Derivation
- minimizing the sums of the squares of the lengths of the data points to the fitted plane. We didn’t need to square the lengths; we can just use the absolute sum of the lengths
- Let w be the (d+1) weight vector
- Let X be the (n x d+1) design matrix of training points
- Let y be the ground truth values
$$
\text{min}_w ||Xw - y||^2
$$
-
Minimizing through taking the gradient
$$
= w^TX^TXw - 2y^TXw+y^Ty\\
= 2X^TXw-2X^Ty\\
0= 2X^TXw-2X^Ty\\
\\
$$
We arrive at the Least Squares solution
$$
X^TXw=X^Ty\\
$$
Assumptions
- there is a linear relationship between dependent / independent variables
- there is true independence in the independent variable
- no mulitcollinearity; if there is, then variables correlate w/ each other. This ensures that there is no perfect linear relationship between the independent variables, leading to more accurate predictions.

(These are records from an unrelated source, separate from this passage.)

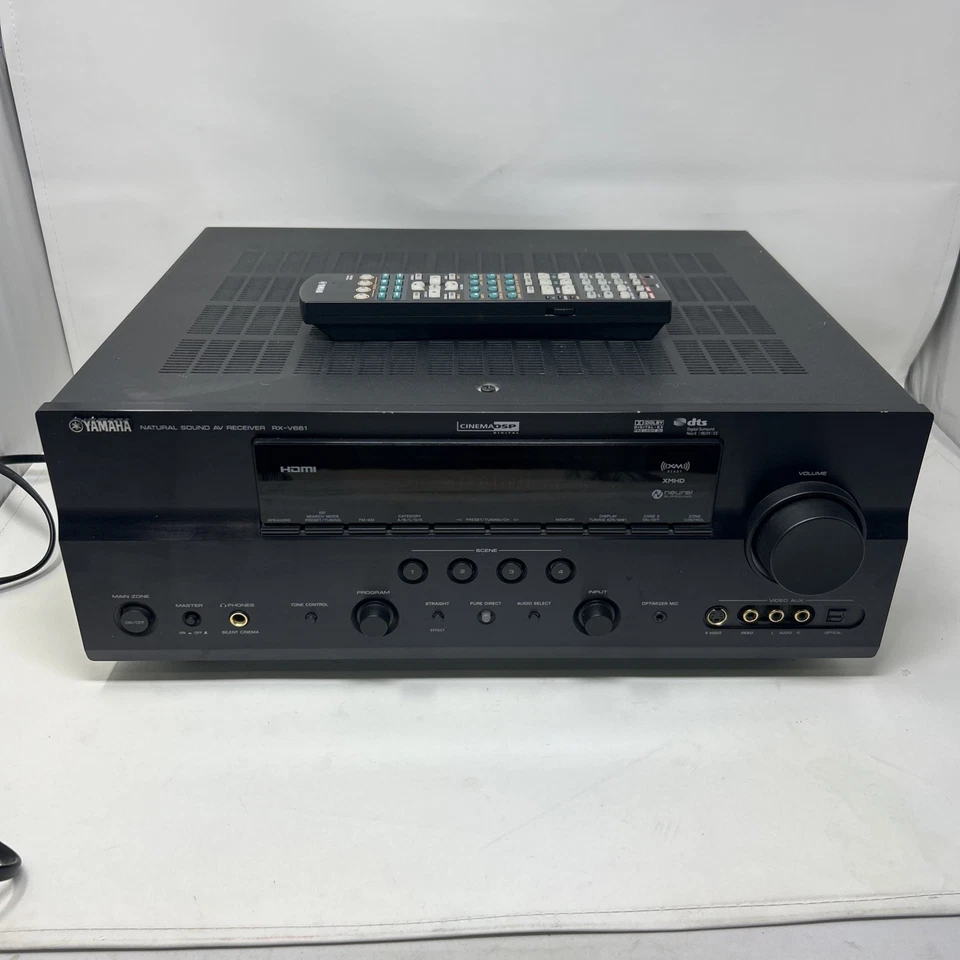 Yamaha Rx-V661 Natural Sound Black 7.1 Channel AV Receiver 380 W/ Remote Bundle - Image 1 of 4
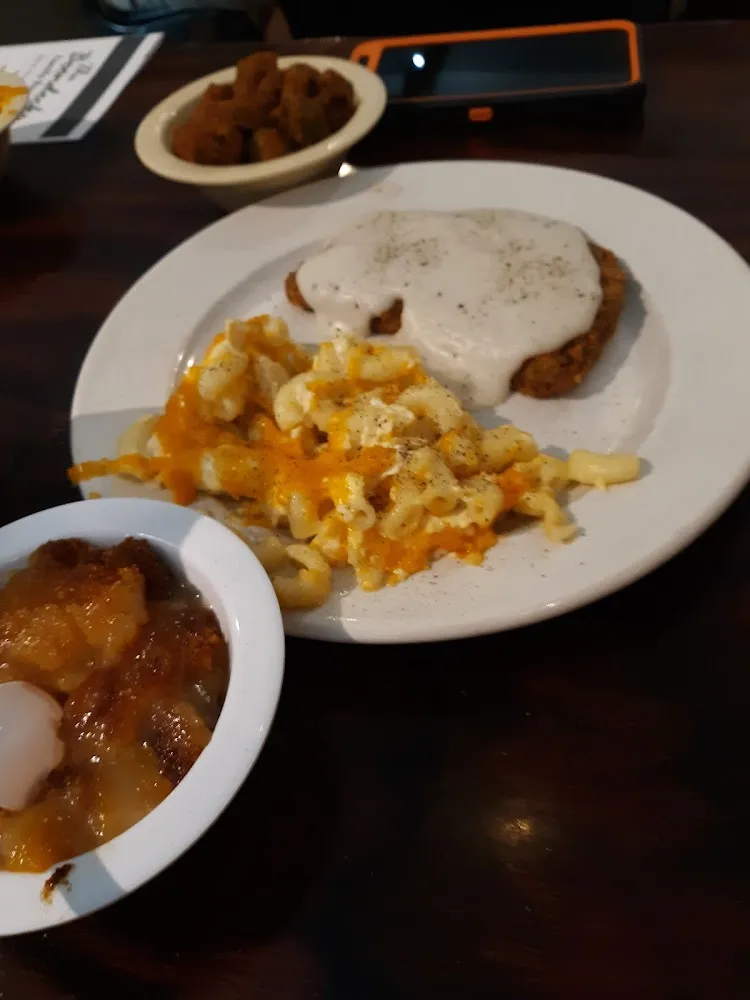 Country Fried Steak Mac and Cheese Peach Cobbler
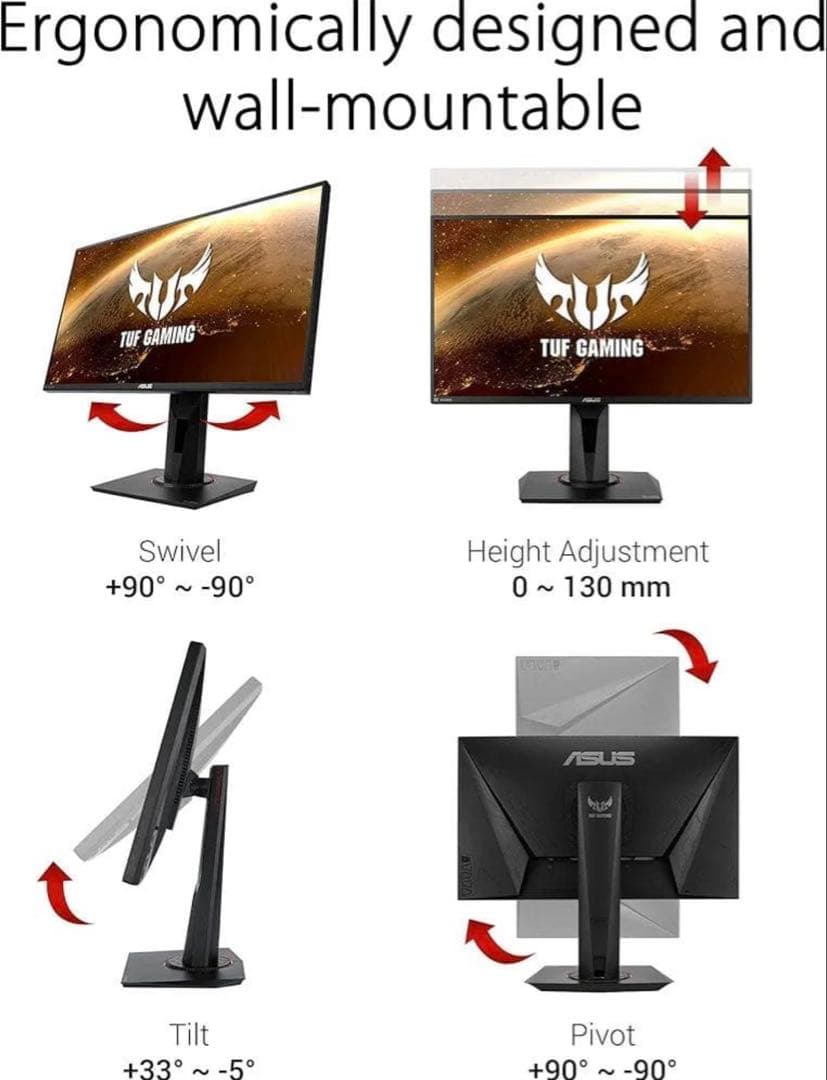 TUF Gaming VG259QM 280Hz 液晶.ケーブルのみ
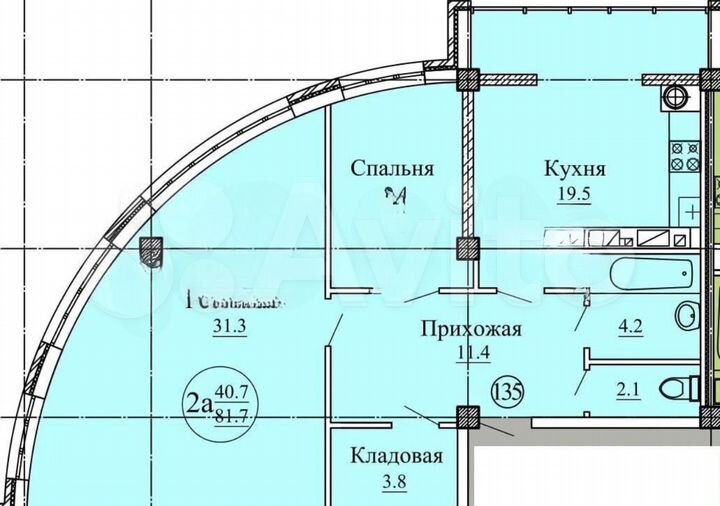 2-к. квартира, 81,7 м², 9/10 эт.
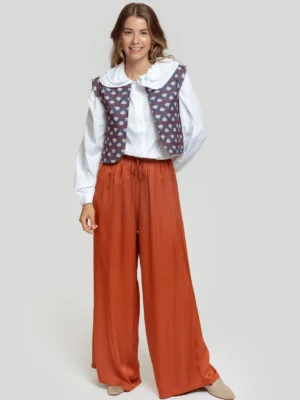 Pantalon large brique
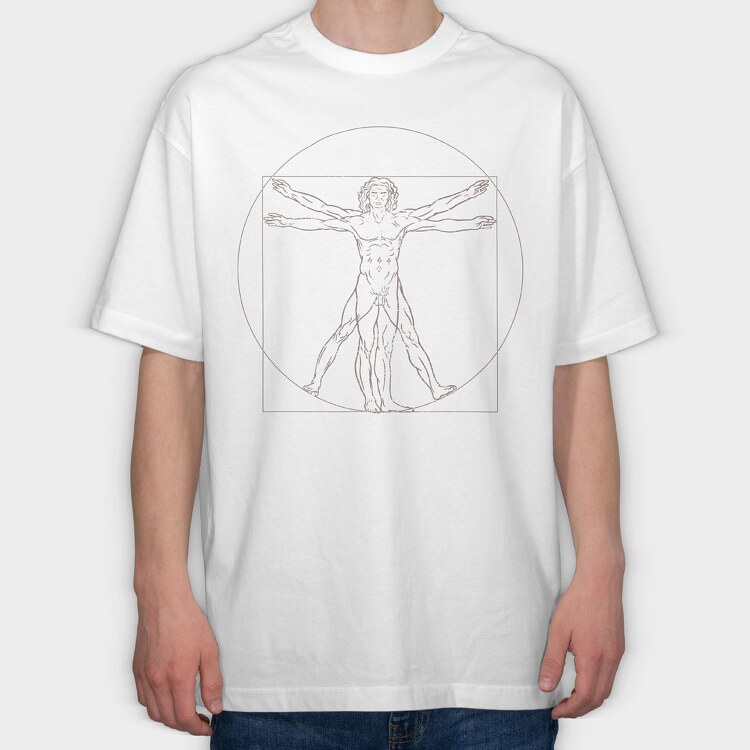 Vitruvian Man, Tricou Oversize Barbati (Unisex)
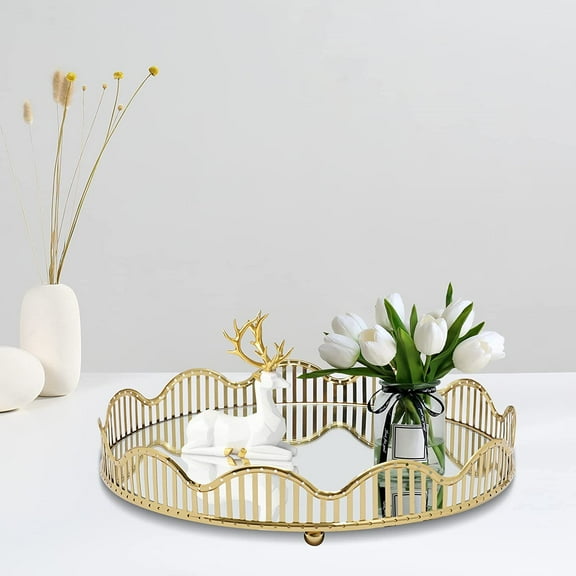 Miumaeov Gold Curve Serving Tray Luxury Mirror Perfume Holder Trays Round 12.4" Decorative Vanity Makeup Jewelry Storage Organizer for Women Girls Bedroom Bathroom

- normality: The distribution of the residuals should be bell-shaped and symmetrical. This ensures that the errors are normally distributed, as in a study on the distribution of incomes.
Ridge Regression
Adds L2-norm penalty to the least squares loss function.
It shrinks the coefficients toward zero but does not enforce exact zero, meaning all features remain in the model
$$
L_2(\mathbf{w}) = \sum_i(y_i-w^Tx_i) + \lambda \sum_{j=1}^{p} w_j^2
$$
- Fully differentiable, easier to optimize.
- Shrinks but maintains all features due to non-zero weights
- prevents weights from being too large